++++ Data provided
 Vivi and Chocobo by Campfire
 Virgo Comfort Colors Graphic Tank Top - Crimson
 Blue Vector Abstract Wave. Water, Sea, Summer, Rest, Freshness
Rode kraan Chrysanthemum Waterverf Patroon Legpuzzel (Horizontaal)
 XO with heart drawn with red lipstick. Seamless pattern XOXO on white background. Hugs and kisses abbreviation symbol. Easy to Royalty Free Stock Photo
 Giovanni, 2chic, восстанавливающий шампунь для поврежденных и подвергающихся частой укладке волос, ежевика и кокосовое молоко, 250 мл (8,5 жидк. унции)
++++++++
++++ Data provided
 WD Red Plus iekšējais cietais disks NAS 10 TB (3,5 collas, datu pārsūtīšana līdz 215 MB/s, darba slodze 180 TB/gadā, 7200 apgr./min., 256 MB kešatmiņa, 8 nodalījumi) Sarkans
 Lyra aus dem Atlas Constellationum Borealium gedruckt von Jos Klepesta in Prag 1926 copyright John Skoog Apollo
++++++++
__The problem__. Set down precisely the lines above between the line holding "Blue Vector Abstract" and the line holding "Giovanni, 2chic, восстанавливающий", inclusive, and nothing beyond them.

__Solution for this task__.
 Blue Vector Abstract Wave. Water, Sea, Summer, Rest, Freshness
Rode kraan Chrysanthemum Waterverf Patroon Legpuzzel (Horizontaal)
 XO with heart drawn with red lipstick. Seamless pattern XOXO on white background. Hugs and kisses abbreviation symbol. Easy to Royalty Free Stock Photo
 Giovanni, 2chic, восстанавливающий шампунь для поврежденных и подвергающихся частой укладке волос, ежевика и кокосовое молоко, 250 мл (8,5 жидк. унции)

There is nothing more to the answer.